I am currently working on a 3D video processing program, and I have encountered some performance issues while using the PyTorch dataset and data loader. After conducting some benchmarking, I found that a significant amount of time is spent waiting on img.to(device) in the main loop. To speed up the processing, I experimented with offloading the img.to(device) work onto dataset.__get_item__.

This approach seemed to work well, as I observed a nice speed improvement.
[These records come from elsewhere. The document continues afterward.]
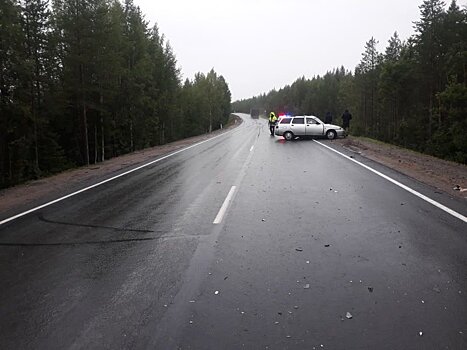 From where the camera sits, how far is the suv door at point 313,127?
2845 cm

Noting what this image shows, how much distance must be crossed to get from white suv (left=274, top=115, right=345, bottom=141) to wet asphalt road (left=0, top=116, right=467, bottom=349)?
798 inches

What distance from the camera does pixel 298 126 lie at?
2864 centimetres

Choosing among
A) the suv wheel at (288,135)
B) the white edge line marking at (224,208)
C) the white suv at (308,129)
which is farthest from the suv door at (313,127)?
the white edge line marking at (224,208)

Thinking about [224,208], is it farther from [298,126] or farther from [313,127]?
[313,127]

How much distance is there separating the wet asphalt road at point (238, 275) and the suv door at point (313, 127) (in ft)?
66.5

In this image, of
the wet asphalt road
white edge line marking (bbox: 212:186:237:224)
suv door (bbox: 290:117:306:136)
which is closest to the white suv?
suv door (bbox: 290:117:306:136)

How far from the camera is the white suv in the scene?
28453 mm

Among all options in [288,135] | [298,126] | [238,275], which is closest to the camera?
[238,275]

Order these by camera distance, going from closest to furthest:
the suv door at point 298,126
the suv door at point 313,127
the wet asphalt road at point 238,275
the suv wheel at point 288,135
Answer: the wet asphalt road at point 238,275
the suv door at point 313,127
the suv door at point 298,126
the suv wheel at point 288,135

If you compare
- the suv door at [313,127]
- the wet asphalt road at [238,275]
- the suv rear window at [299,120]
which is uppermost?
the suv rear window at [299,120]

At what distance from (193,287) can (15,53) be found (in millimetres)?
22297

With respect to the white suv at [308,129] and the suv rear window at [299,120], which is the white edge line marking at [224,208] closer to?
the white suv at [308,129]

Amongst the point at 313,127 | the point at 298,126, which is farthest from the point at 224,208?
the point at 313,127

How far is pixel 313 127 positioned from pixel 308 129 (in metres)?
0.38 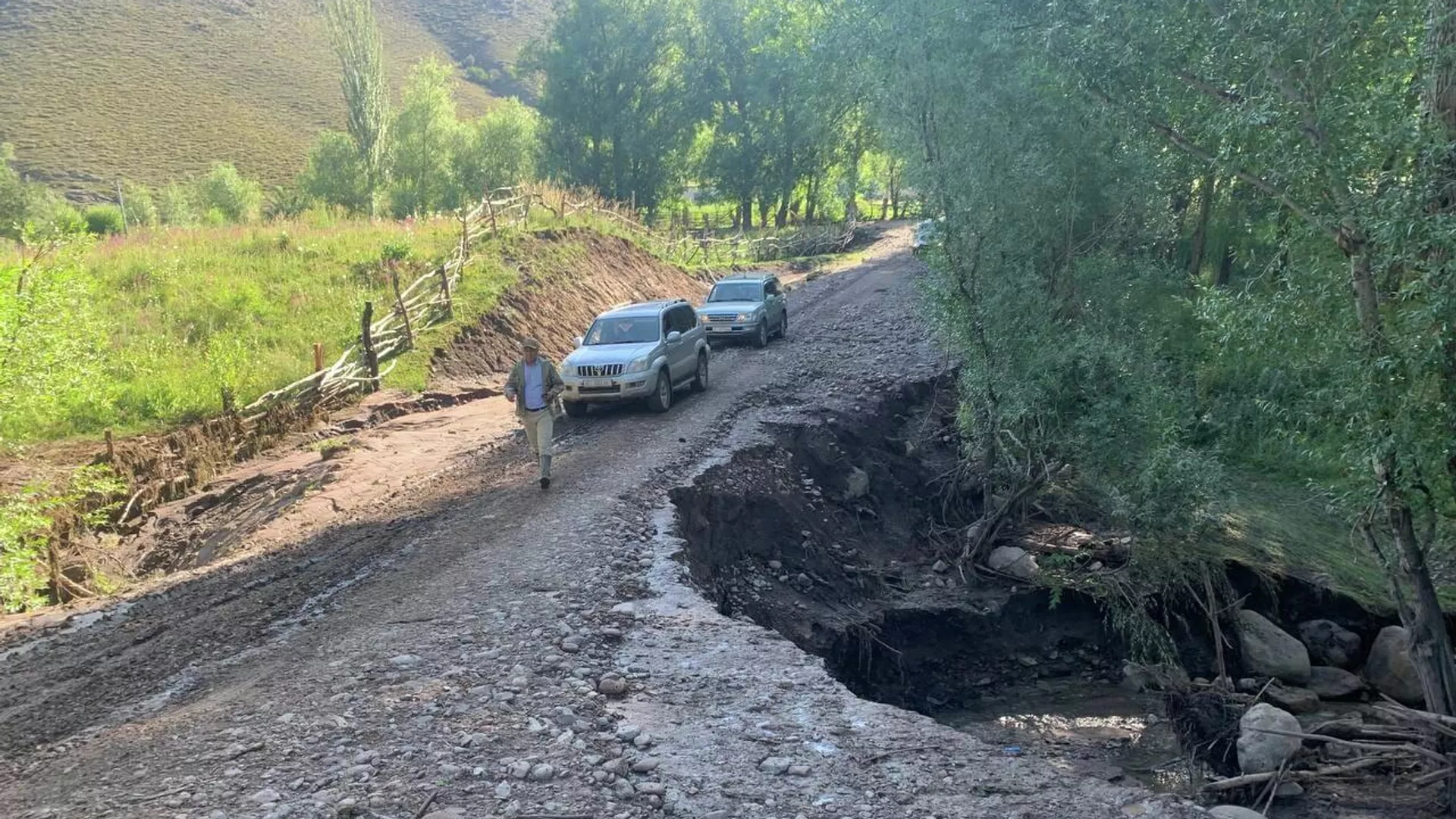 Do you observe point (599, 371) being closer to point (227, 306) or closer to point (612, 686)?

However, I frequently encountered the CUDA error: mapping of buffer object failed error during processing, which I have been unable to debug. Here’s a code snippet of what I was trying to do:

class FrameDepthFloDataset(Dataset):
    def __init__(self, src_in_files, depth_dir, device):
        self.img_files = sorted(src_in_files)
        self.depth_files = sorted(list(glob.iglob(depth_dir+'/*')))
        self.device = device


    def __getitem__(self, index):
        img_file = self.img_files[index]
        depth_file = self.depth_files[index]
        depth = load_torch_gray_img(depth_file)
        img = load_torch_image(img_file)
        depth = depth.to(self.device) # Here move data to GPU before returning
        img = img.to(self.device) # Here move data to GPU before returning
        return {'img_file': img_file, 'img': img, 'depth':depth}

    def __len__(self):
        return len(self.img_files)

And exception:

Traceback (most recent call last):
  File "C:\Program Files\WindowsApps\PythonSoftwareFoundation.Python.3.9_3.9.3568.0_x64__qbz5n2kfra8p0\lib\multiprocessing\queues.py", line 244, in _feed
    obj = _ForkingPickler.dumps(obj)
  File "C:\Program Files\WindowsApps\PythonSoftwareFoundation.Python.3.9_3.9.3568.0_x64__qbz5n2kfra8p0\lib\multiprocessing\reduction.py", line 51, in dumps
    cls(buf, protocol).dump(obj)
  File "C:\Users\richa\AppData\Local\Packages\PythonSoftwareFoundation.Python.3.9_qbz5n2kfra8p0\LocalCache\Local\pypoetry\Cache\virtualenvs\3dengine-4gtTLmD6-py3.9\lib\site-packages\torch\multiprocessing\reductions.py", line 261, in reduce_tensor
    event_sync_required) = storage._share_cuda_()
  File "C:\Users\richa\AppData\Local\Packages\PythonSoftwareFoundation.Python.3.9_qbz5n2kfra8p0\LocalCache\Local\pypoetry\Cache\virtualenvs\3dengine-4gtTLmD6-py3.9\lib\site-packages\torch\storage.py", line 920, in _share_cuda_
    return self._untyped_storage._share_cuda_(*args, **kwargs)
RuntimeError: CUDA error: mapping of buffer object failed
CUDA kernel errors might be asynchronously reported at some other API call, so the stacktrace below might be incorrect.
For debugging consider passing CUDA_LAUNCH_BLOCKING=1.
Compile with `TORCH_USE_CUDA_DSA` to enable device-side assertions.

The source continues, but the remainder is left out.